An illustration picture shows a network cable next to a pack of smartphones in Berlin, June 7, 2013. The debate over whether the U.S. government is violating citizens' privacy rights while trying to protect them from terrorism escalated dramatically on Thursday amid reports that authorities have collected data on millions of phone users and tapped into servers at nine internet companies.   REUTERS/Pawel Kopczynski   (GERMANY - Tags: POLITICS SOCIETY BUSINESS) - BM2E967131Y01

On March 29, 2019, the Brookings Foreign Policy program hosted the sixth annual Justice Stephen Breyer Lecture on International Law. This year’s event focused on the challenges of regulating digital technology, especially in the areas of privacy and data protection, through the comparative perspective of the United States and the European Union. Keynote remarks by Jeroen van den Hoven, professor of ethics and technology at Delft University of Technology in The Netherlands, explored the differences in how the United States, the European Union, and countries like China have approached the use of artificial intelligence. He emphasized the importance of the human and ethical principles that underlie the European model of digital governance and the need for “ethics by design” as a way of deliberately integrating shared values through innovative algorithmic, software, and hardware products and services.  

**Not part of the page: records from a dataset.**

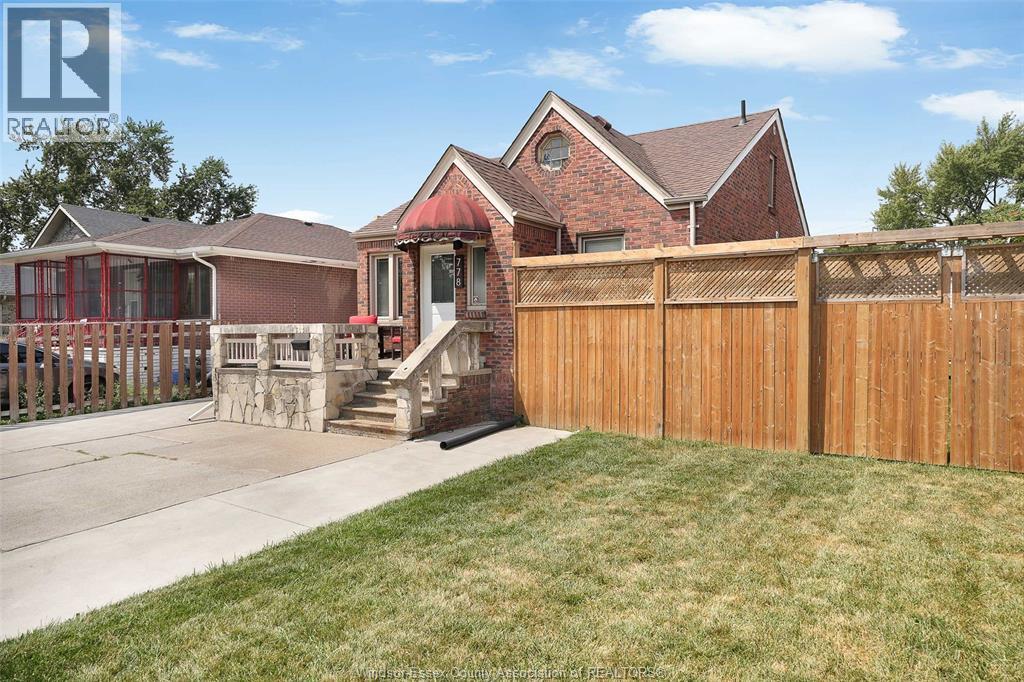 Photo 35 of 778 Bensette Street, Windsor ON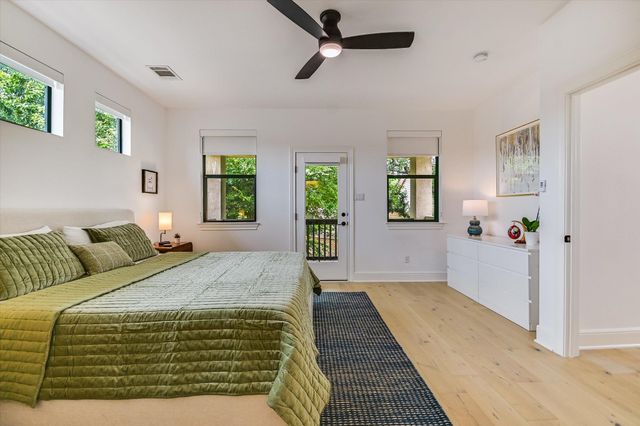 13 Prestonwood CIR, Austin, TX 78734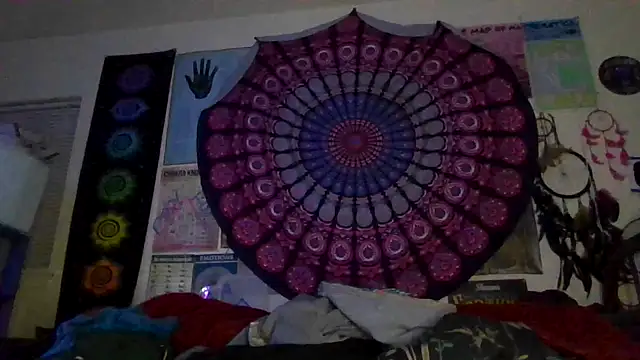 GardeniaFields online show from March 21, 8:30 am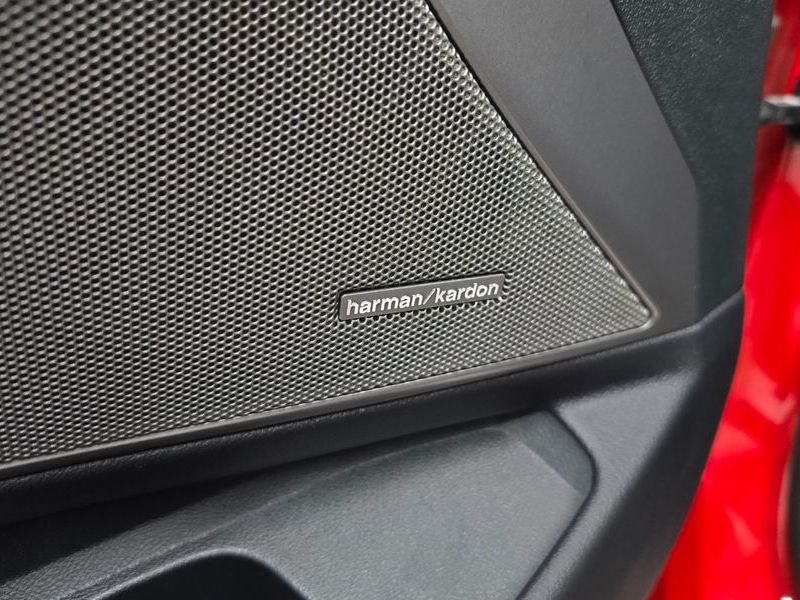 2019 BMW 3 Series 320d Luxury photo 30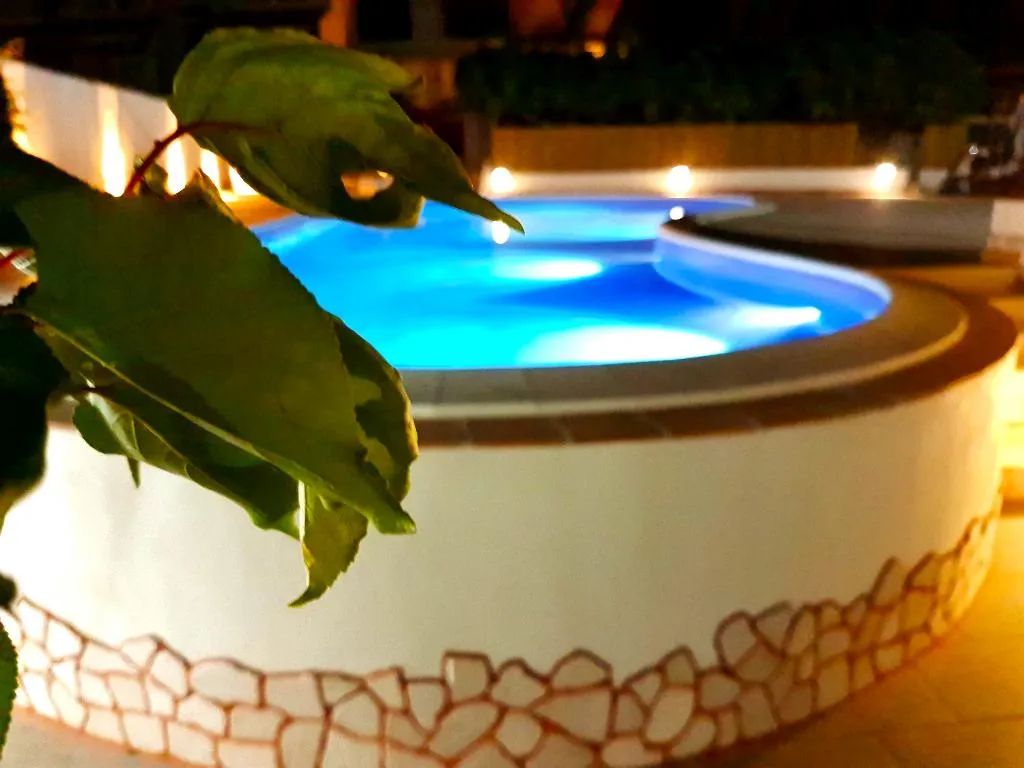 Pool, Hotel Alexander, Catania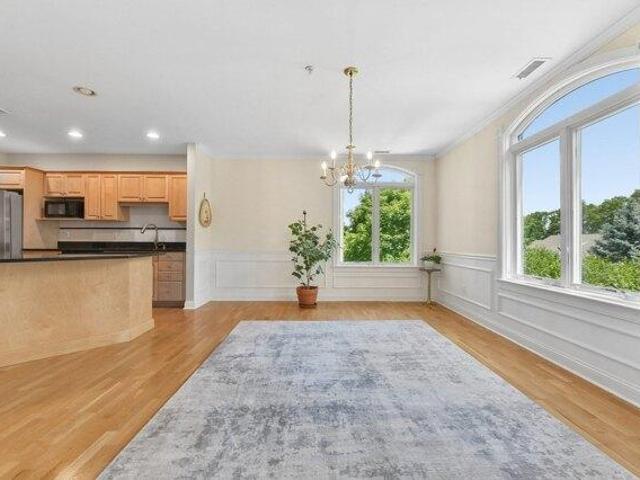 Condo for sale in Sudbury, Middlesex County
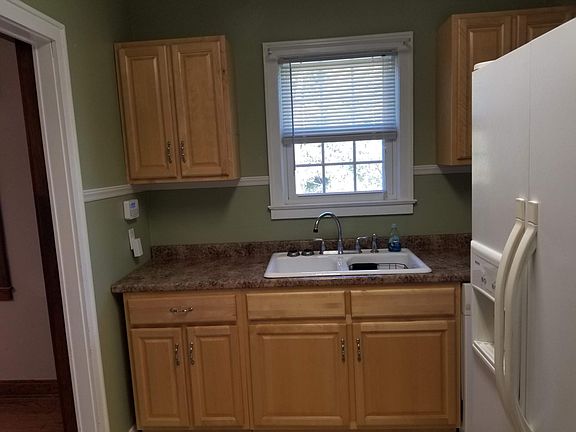 5th image of 105 Lake View Dr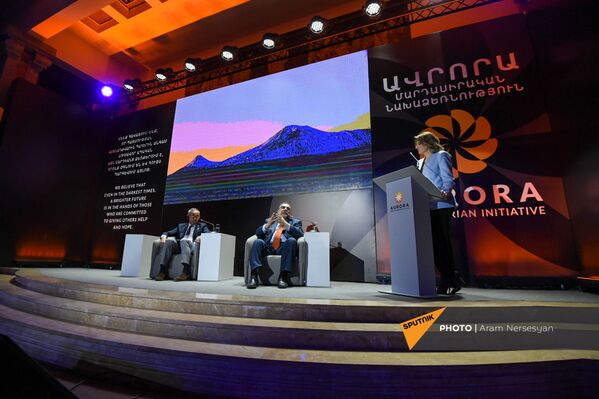 Председатель отборочной комиссии премии Аврора Лорд Ара Дарзи (слева) и соучредитель премии Рубен Варданян на церемонии объявления номинантов 2021 года (24 апреля 2021). Еревaн - Sputnik Армения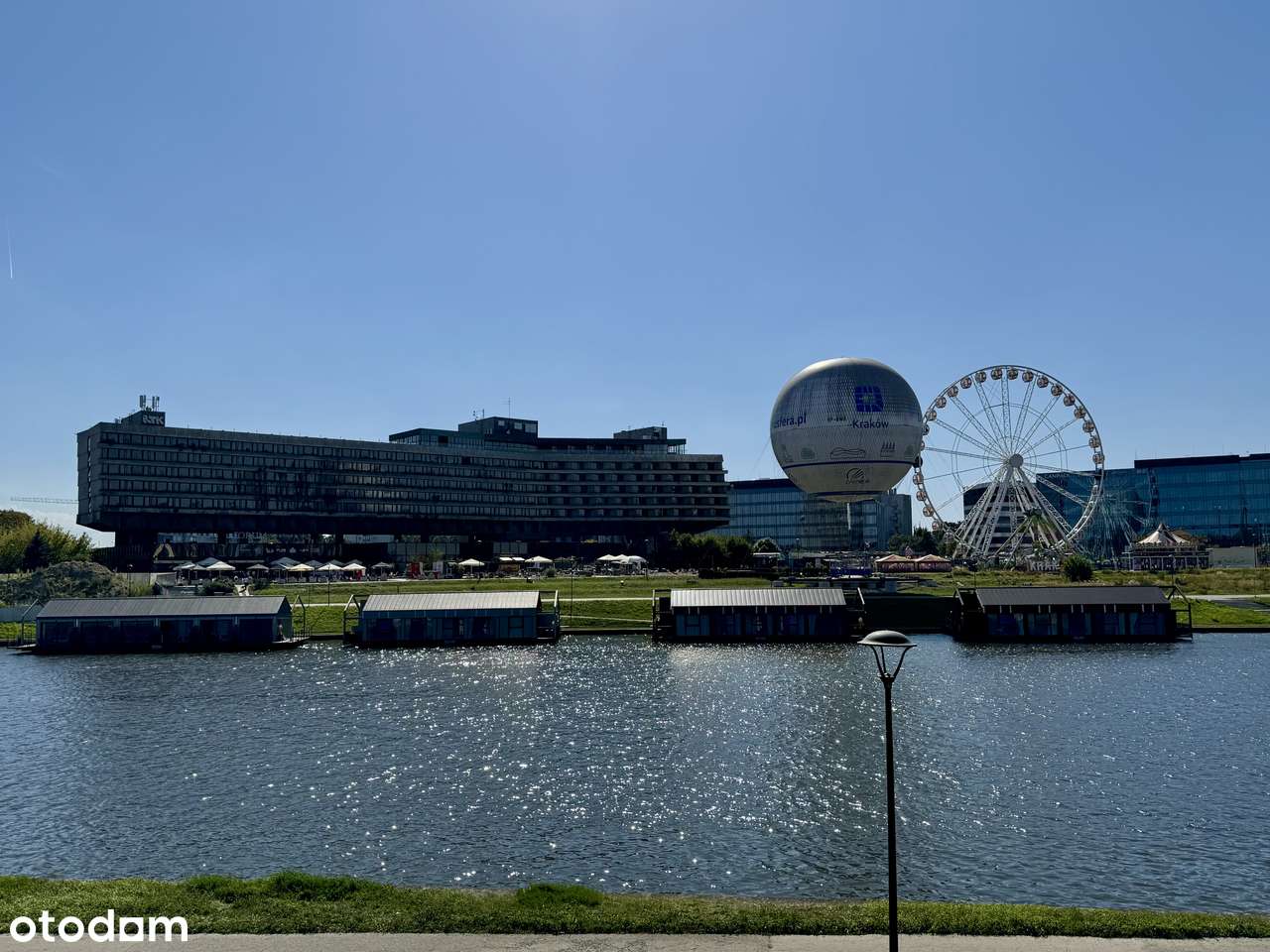 3-pok. piękne mieszkanie przy Bulwarach, widok na Wisłę, taras-14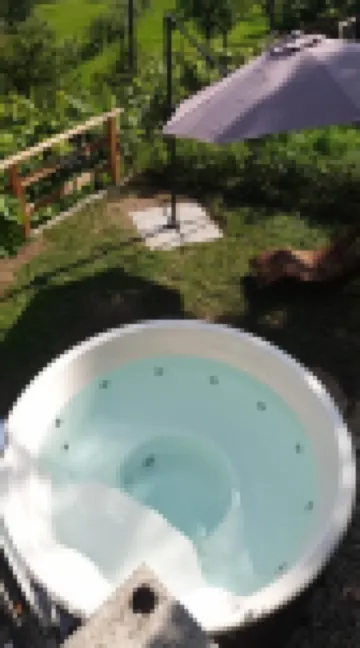 Casa21 - Private Holiday Home for Groups up to 12 with Jacuzzi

During the panel discussion that followed, Jeroen van den Hoven joined Brookings Distinguished Fellow Cameron Kerry, Bilyana Petkova from the Electronic Privacy Information Center, and Nicol Turner-Lee, a fellow with the Brookings Center for Technology Innovation, to further examine the areas of digital policy convergence and divergence between the United States and the European Union. These include differences in legal and regulatory systems and cultures that have contributed to a more decentralized approach in the United States and greater protections for privacy in Europe. The panelists agreed on the important role states and businesses play in driving federal data privacy legislation as well as the powerful democratic interests and principles that the United States and the European Union share with regard to protecting data, which could help guide a transatlantic harmonization of standards going forward.